(Short web captions)
-.-.-

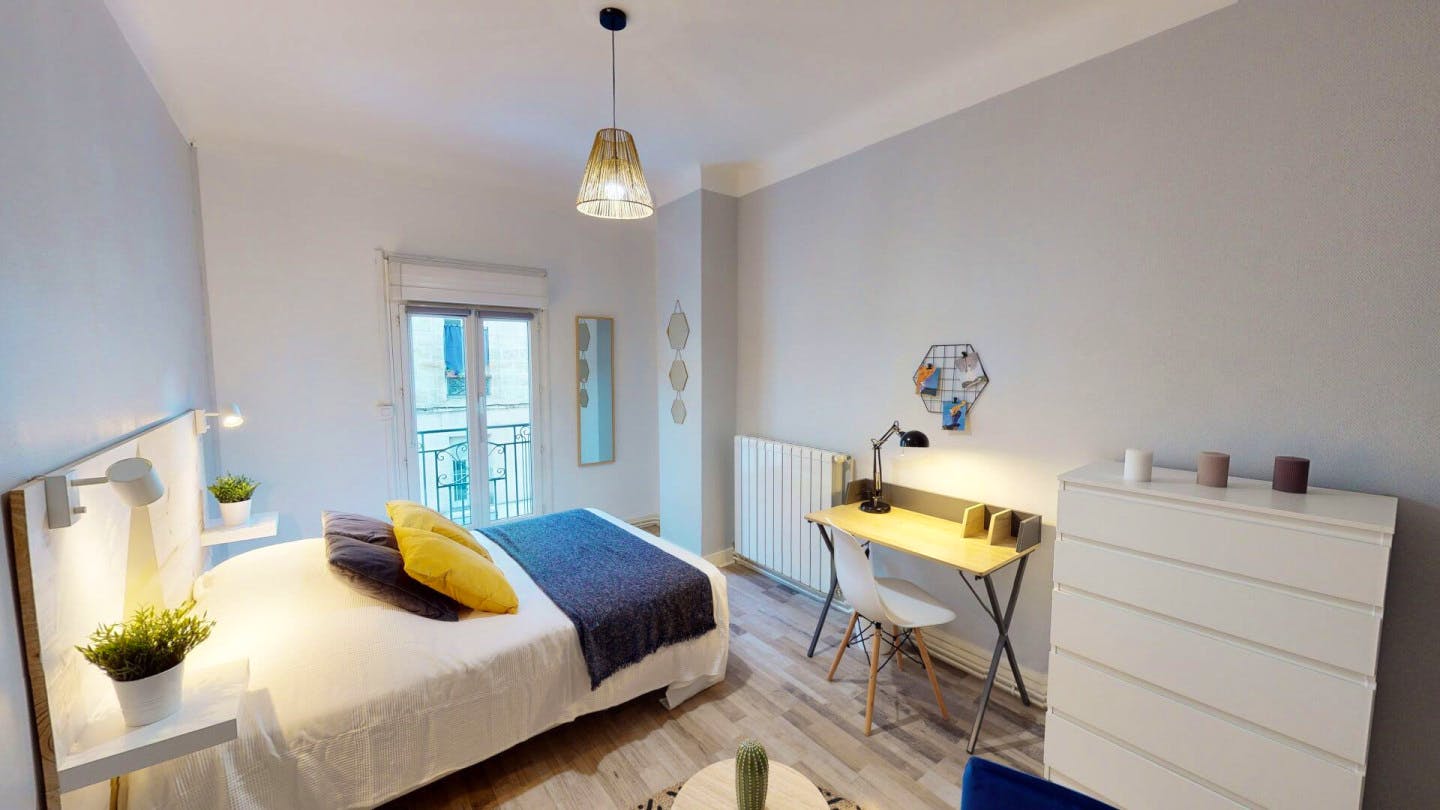 6-Bed Apartment on rue Lafontaine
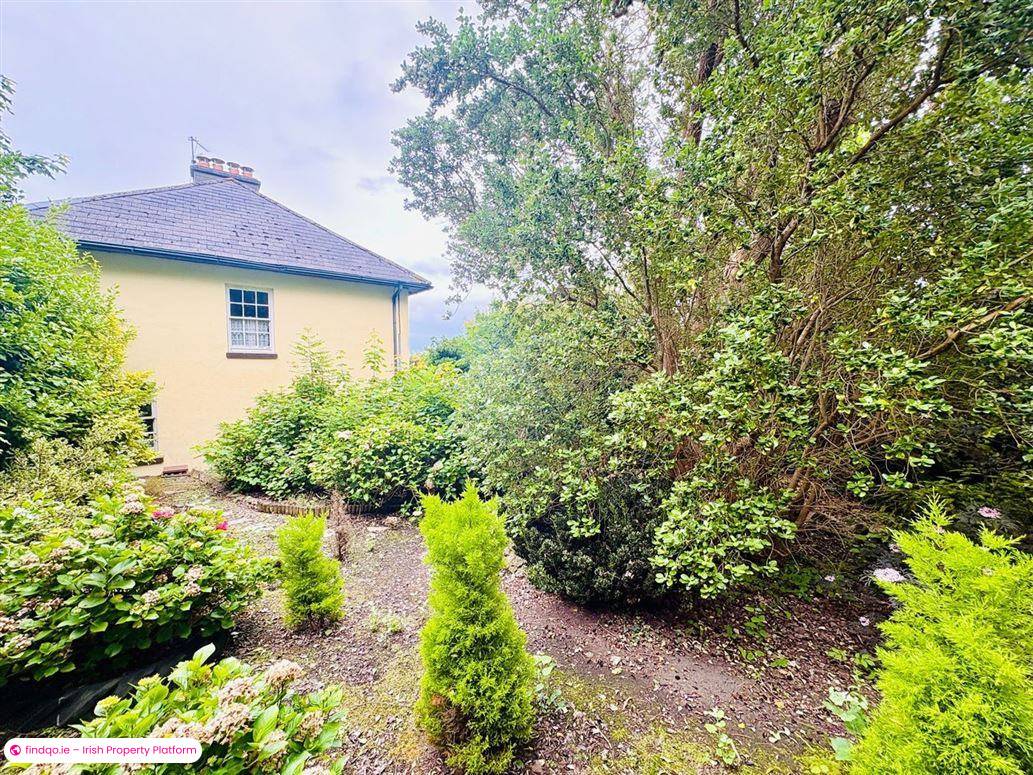 Detached house for Sale in Fenit, Kerry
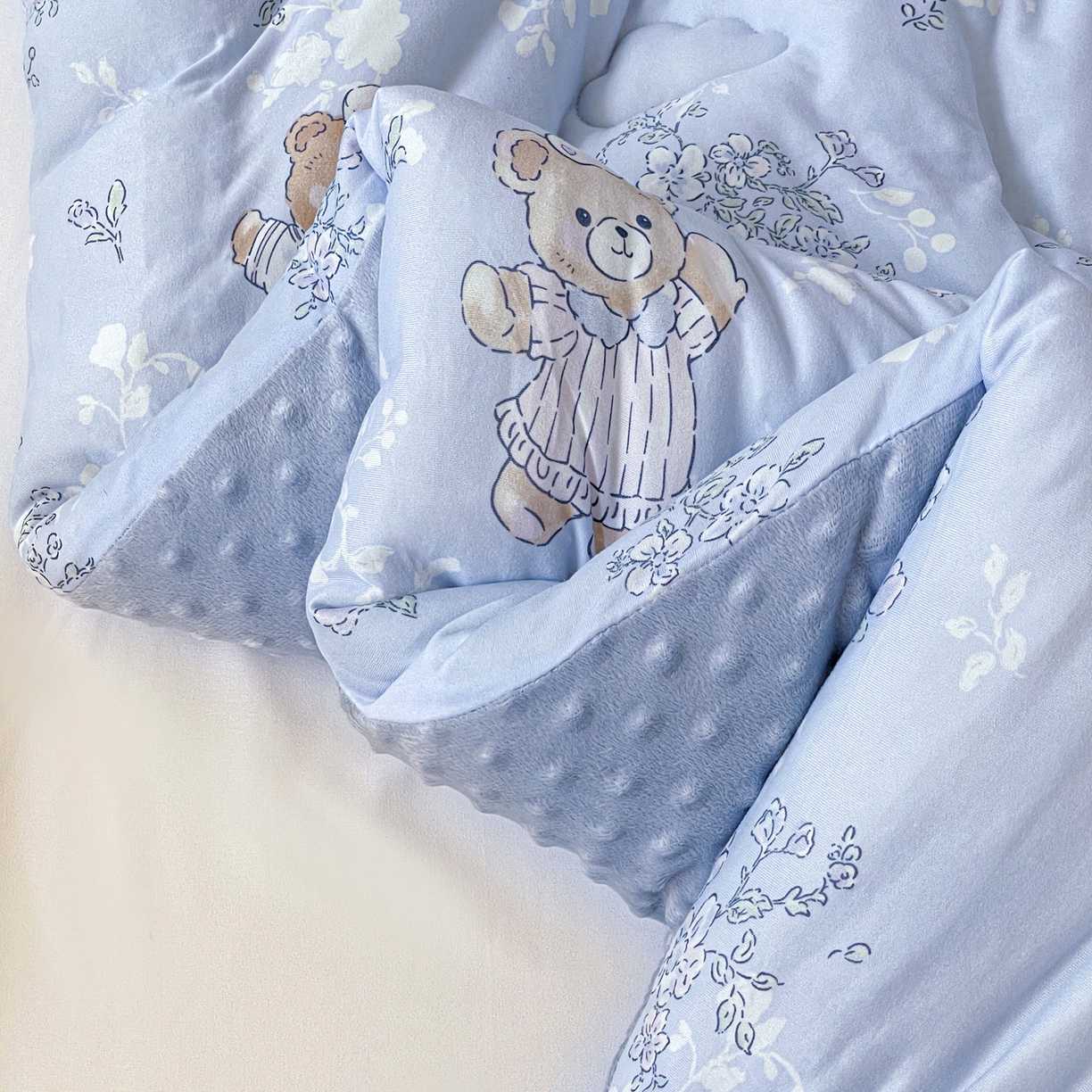 91家纺网 家纺一手货源 找家纺 小叮当家纺仓储工厂店 2025新款A类母婴级宝宝被子牛奶丝针织棉豆豆被豆豆被子儿童婴童大豆被精品买家秀 蓝色小花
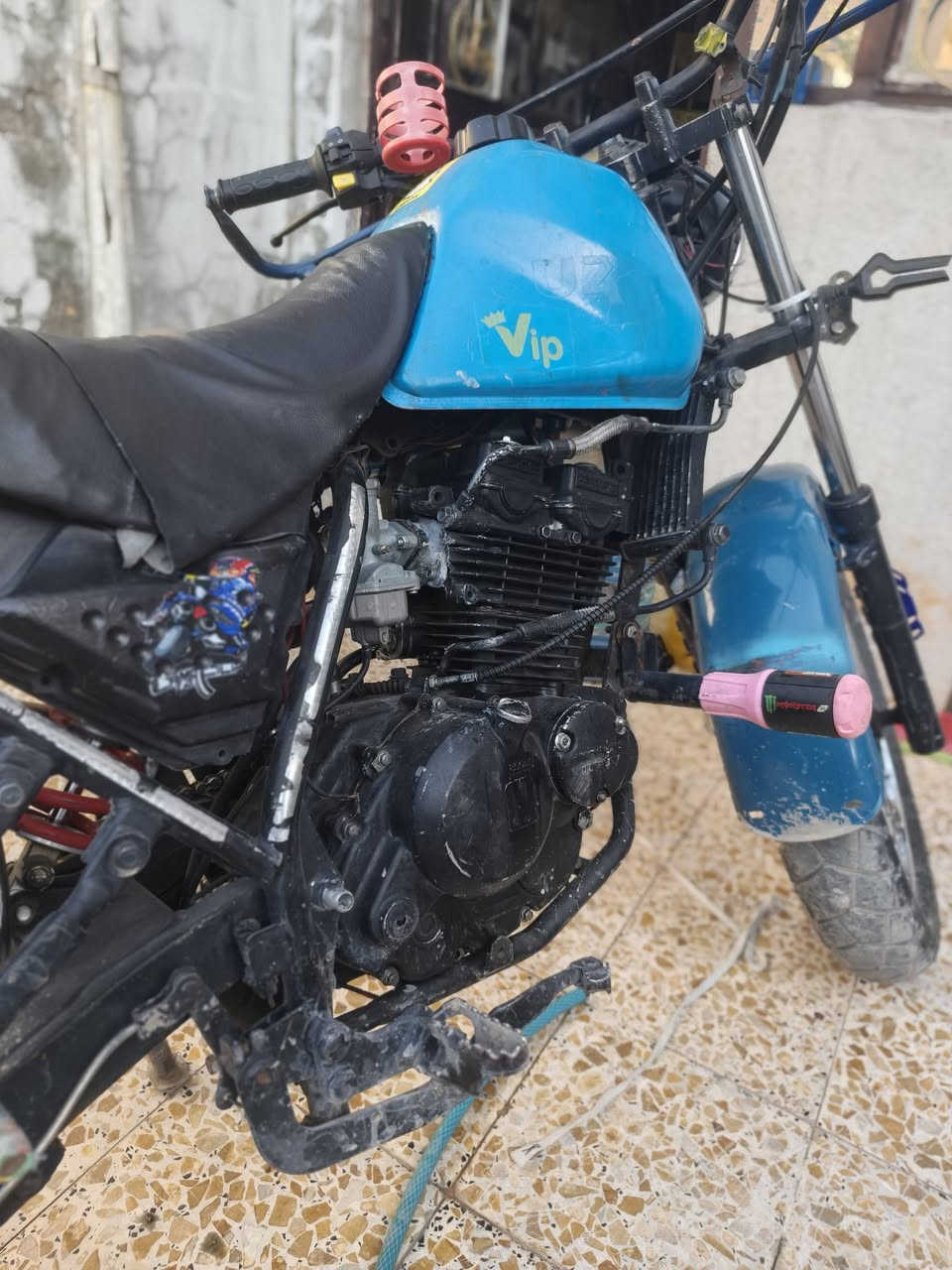 سلام عليكم دراجه للبيع ل سعر 350وبيها مجال ومرواس ب ايراني لشراي يجي خاص رقمي ***********
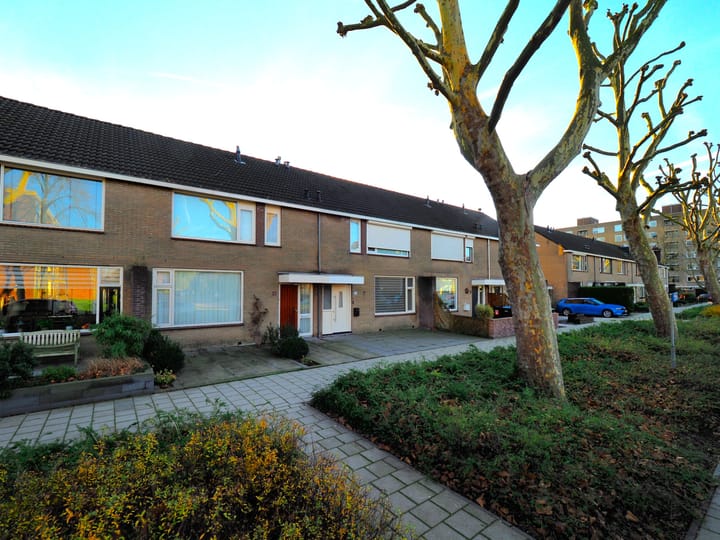 Photo of property Vincent van Goghlaan 77, Papendrecht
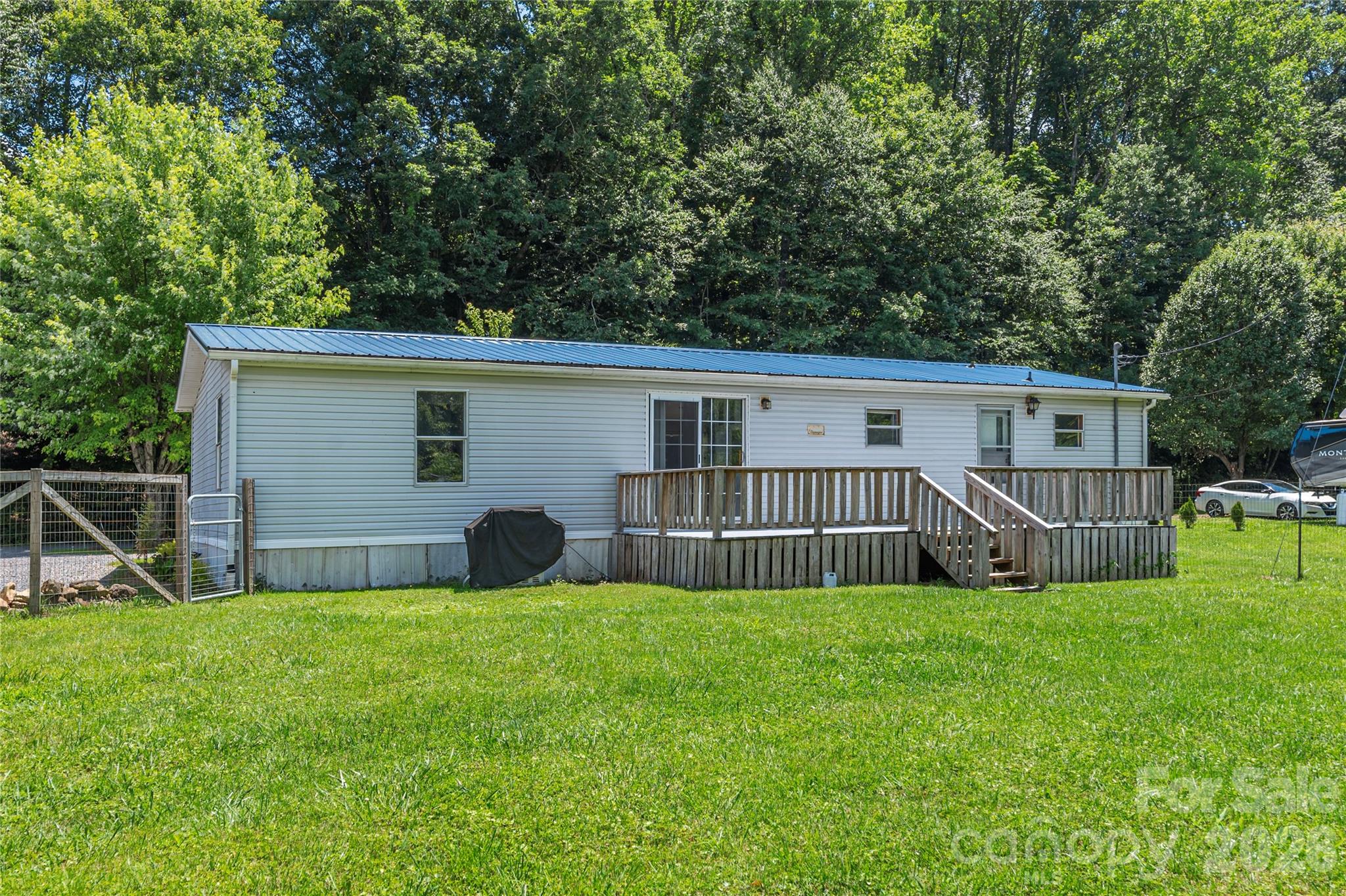 1458 Old Balsam Road — Waynesville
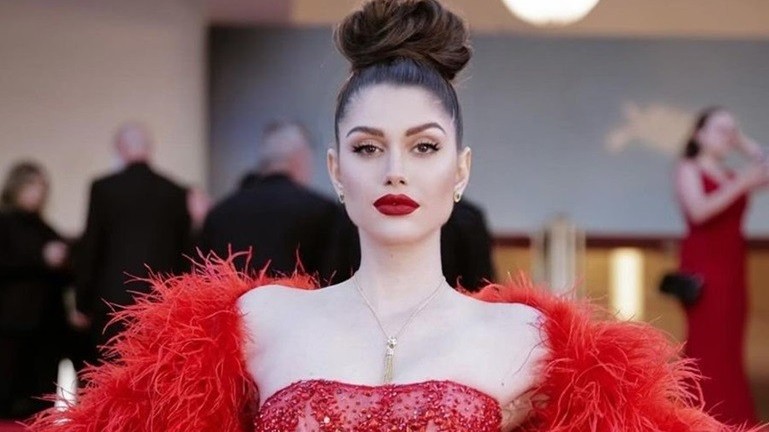 Dự LHP Cannes 2024, dàn người đẹp quốc tế ghi dấu ấn với những chiếc đầm lộng lẫy của NTK Việt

-.-.-

• [WHAT THE TASK ASKS]
What is needed is an exact restatement of every line from the one containing "سلام عليكم دراجه" through the last line of the records, pictures left out.

• [RESPONSE TO THIS TASK]
 سلام عليكم دراجه للبيع ل سعر 350وبيها مجال ومرواس ب ايراني لشراي يجي خاص رقمي ***********
 Photo of property Vincent van Goghlaan 77, Papendrecht
 1458 Old Balsam Road — Waynesville
 Dự LHP Cannes 2024, dàn người đẹp quốc tế ghi dấu ấn với những chiếc đầm lộng lẫy của NTK Việt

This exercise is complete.